→ Exercise description
No pictures belong in the copy. Set down exactly the lines from the one that contains "JJ捕鱼飞碟鱼什么样子" through the end of the data.

*** Data under study ***

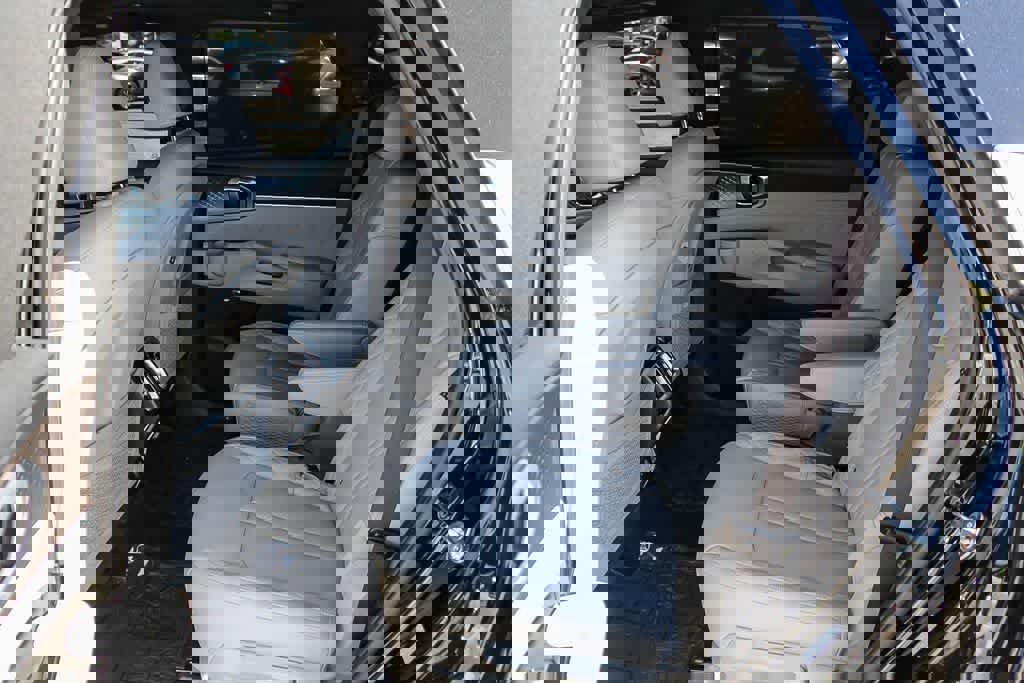 Used 2025 Kia Sorento SX Prestige image 17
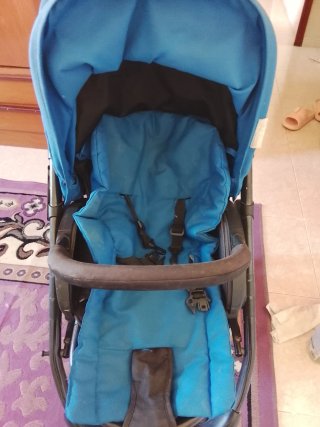Carrito azul con mica para lluvia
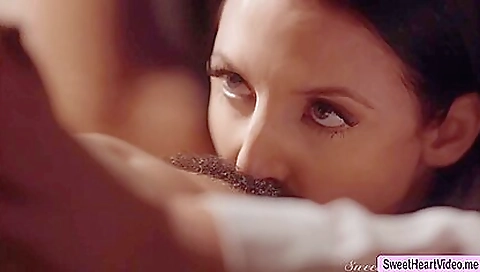 Sexy young blonde make elevator for you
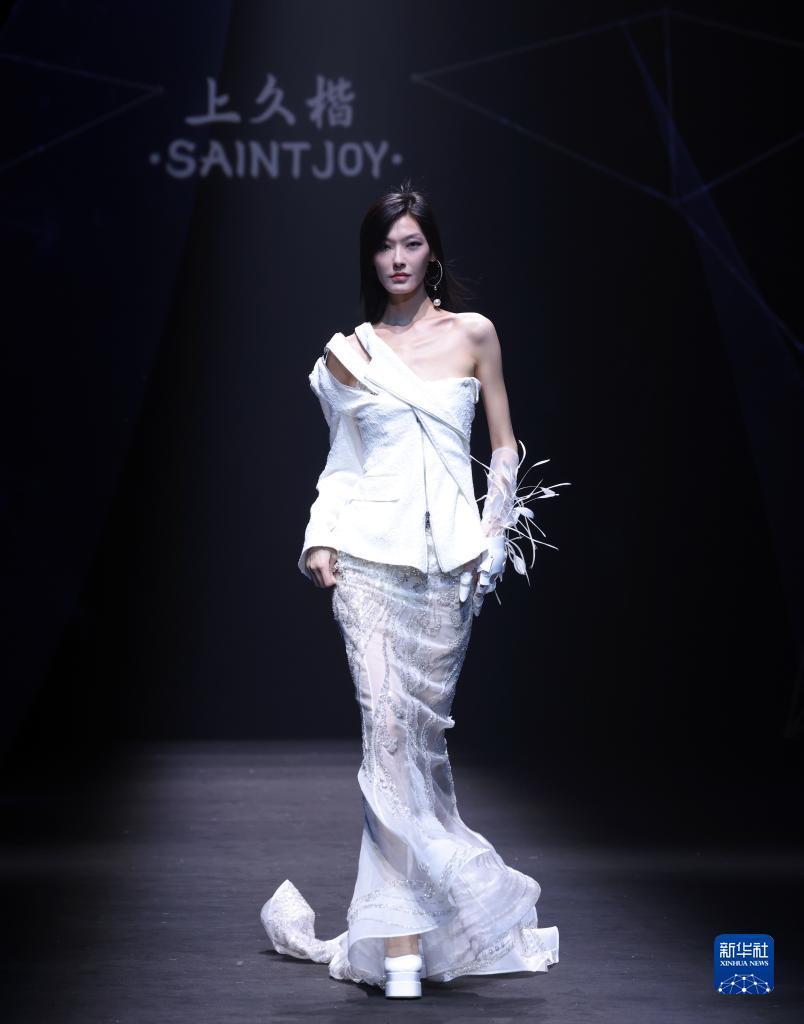 JJ捕鱼飞碟鱼什么样子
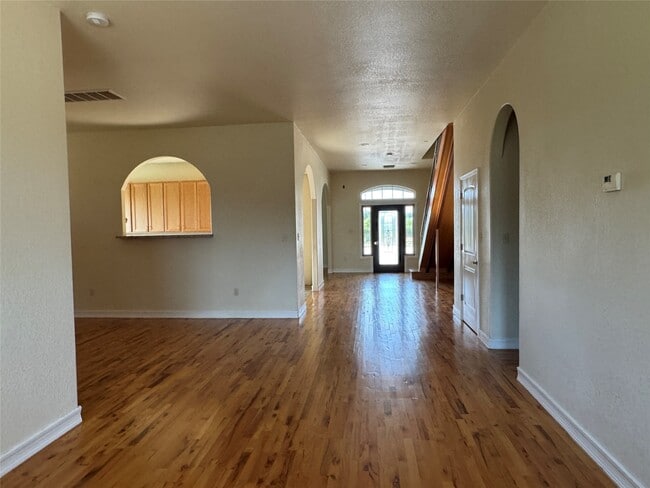 Building Photo - 4123 Old Chocolate Bayou Rd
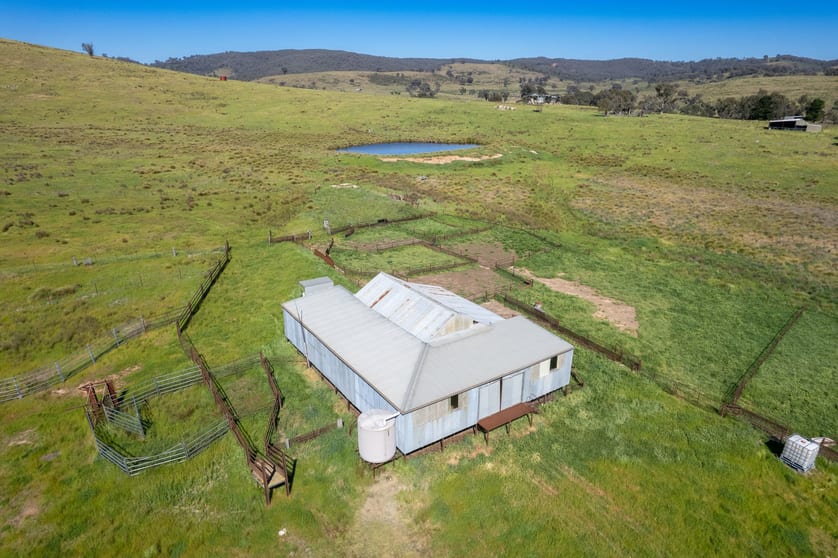 Click to view all images _ Fish river Road Crookwell NSW 2583 - Image 3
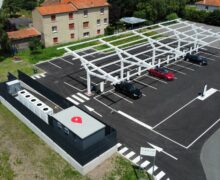 Tesla ouvre sa première station Superchargeur V4 en France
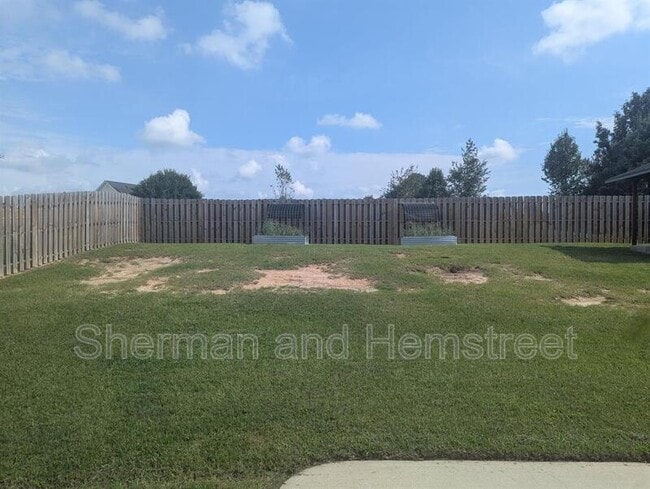 Building Photo - 2010 Darwood Dr
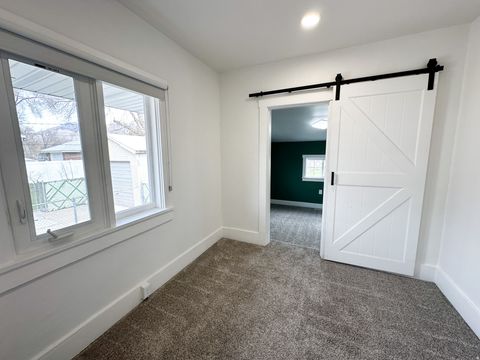 Tiny photo for 3142 S OGDEN AVE E, Ogden, UT 84401 (MLS # 2140056)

***

→ Worked solution
 JJ捕鱼飞碟鱼什么样子
 Building Photo - 4123 Old Chocolate Bayou Rd
 Click to view all images _ Fish river Road Crookwell NSW 2583 - Image 3
 Tesla ouvre sa première station Superchargeur V4 en France
 Building Photo - 2010 Darwood Dr
 Tiny photo for 3142 S OGDEN AVE E, Ogden, UT 84401 (MLS # 2140056)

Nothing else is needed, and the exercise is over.